- Promotional release poster
- Genre: Romance; Drama;
- Written by: Sai Vanapalli
- Directed by: Sai Vanapalli
- Starring: Abhishek Boddepalli; Bramarambika Tutika;
- Music by: Joy Solomon
- Country of origin: India
- Original language: Telugu
- No. of seasons: 1
- No. of episodes: 8

Production
- Executive producers: Rakesh Patnaik; Vijay Chaganti;
- Producer: Praveen Dharmapuri
- Cinematography: Ashoka Dabbeeru
- Editors: Harish Kumar Adapaka; Michael D. Selva;
- Running time: 27–41 minutes
- Production company: SP Mini

Original release
- Network: Aha
- Release: 17 October 2025

= Anandalahari (TV series) =

Indian romantic drama television series

Anandalahari is an Indian Telugu-language romantic drama television series created and directed by Sai Vanapalli. Produced by SP Mini, it features Abhishek Boddepalli and Bramarambika Tutika in lead roles.
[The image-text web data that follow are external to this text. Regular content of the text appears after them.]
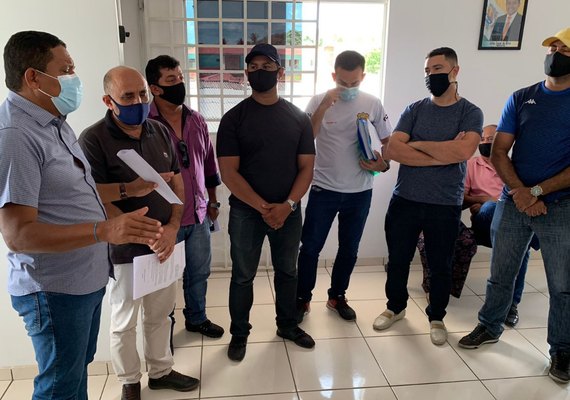 Prefeito anuncia novo piso salarial da Guarda Municipal de Palmeira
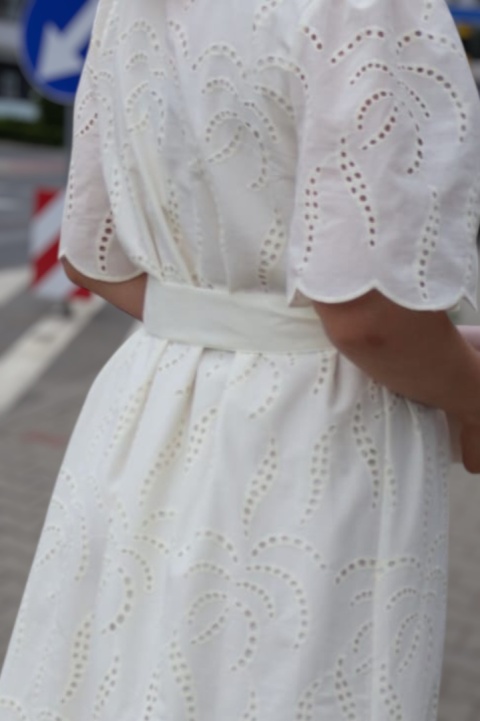 Koszulowa sukienka z ażurowym haftem, zapinana na guziki, wiązana, ecru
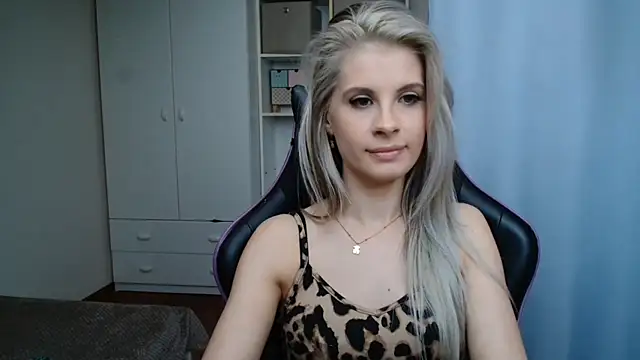 KristineGlow webcam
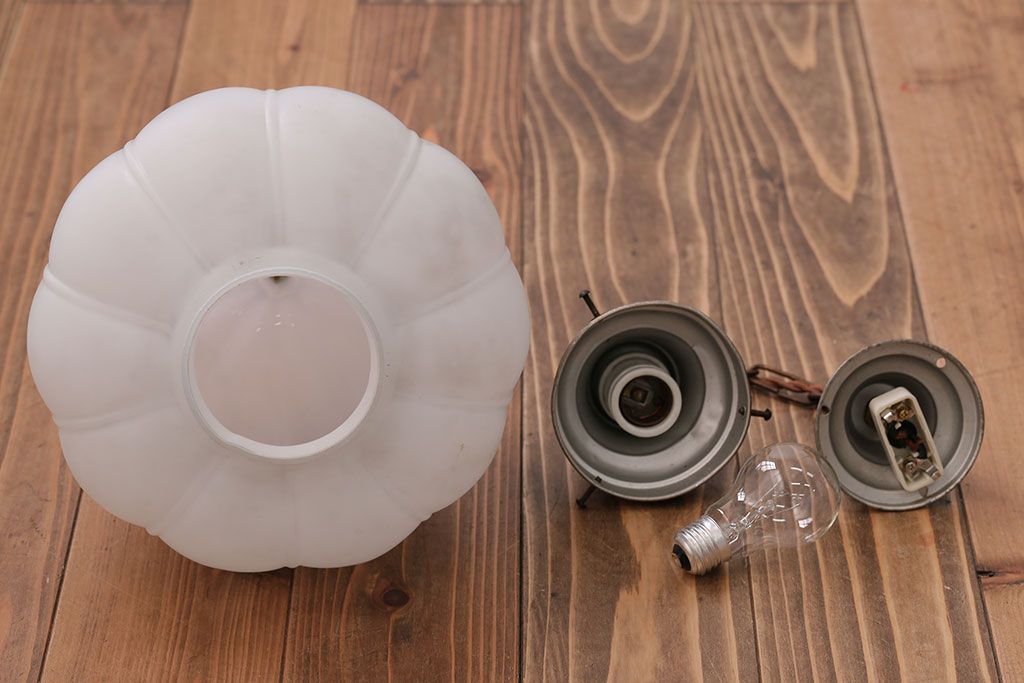 アンティーク　レトロフォルムのガラス天井照明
It was released on 17 October 2025 on Aha.

== Cast ==
- Abhishek Boddepalli as Anand
- Bramarambika Tutika as Lahari
- Revathi Natha Pulipati as Sanyasi Naidu
- Sri Kumari as Lakshmi
- Krishna Yerubbadi as Kangaru Babai
- Amar as Flexy Raju
- Amrutha as Hebbati
- Arun Dev as Chunchu Bablu
- Kiran Areti as Panodu
- Swaraj Potluri as Bharat
- Sathyanarayana Adabala as Gajapati
- Sravani Kota as Sreya
- Anvitha Chintakayala as Mounika
- Gayatri Bhargavi as Couple Counsellor

== Episodes ==

| No. | Title | Directed by | Written by | Original release date |
|---|---|---|---|---|
| 1 | "Fateful Night" | Sai Vanapalli | Sai Vanapalli | 17 October 2025 |
| 2 | "Eat & West Collide" | Sai Vanapalli | Sai Vanapalli | 17 October 2025 |
| 3 | "The Hyderabad" | Sai Vanapalli | Sai Vanapalli | 17 October 2025 |
| 4 | "Turning Point" | Sai Vanapalli | Sai Vanapalli | 17 October 2025 |
| 5 | "Understanding Each Other" | Sai Vanapalli | Sai Vanapalli | 17 October 2025 |
| 6 | "Together in Journey" | Sai Vanapalli | Sai Vanapalli | 17 October 2025 |
| 7 | "Back to Godavari" | Sai Vanapalli | Sai Vanapalli | 17 October 2025 |
| 8 | "The Beginning" | Sai Vanapalli | Sai Vanapalli | 17 October 2025 |

== Music ==

| No. | Title | Lyrics | Singer(s) | Length |
|---|---|---|---|---|
| 1. | "Anand's Wake Up Jam" | Joy Solomon | Joy Solomon, Sragvi, Snikitha |  |
| 2. | "Attention Everybody" | Athreya Kolluru | Athreya Kolluru |  |
| 3. | "Mangalam Ani" | Ashwini Chepuri | Ashwini Chepuri |  |
| 4. | "Godavari Jam" | – | Joy Solomon |  |
| 5. | "City Skies" | – | Ashwini Chepuri |  |
| 6. | "Give Me My Money" | Joy Solomon | Joy Solomon |  |
| 7. | "Radha Kadhu Ra" | Sai Vanapalli | Yashwanth Nag |  |
| 8. | "Aanaadu Eenaadu" | Lakshmi Prasanna | Joy Solomon |  |
| 9. | "Ayyayo Ayyo" | Lakshmi Prasanna | Lakshmi Meghana |  |
| 10. | "Children's song" | Sai Vanapalli | Snikitha, Sragvi |  |

== Reception ==
Avad Mohammad of OTTPlay rated it 2.5 out of 5 and wrote that, "Anandalahari is a series that has a simple and routine setup and takes time to grow on you, but there is nothing new that has been showcased here". Echoing the same, Suhas Sistu of The Hans India stated, "Anandalahari is a simple romantic drama that meanders through ordinary life moments without offering fresh perspectives or compelling storytelling".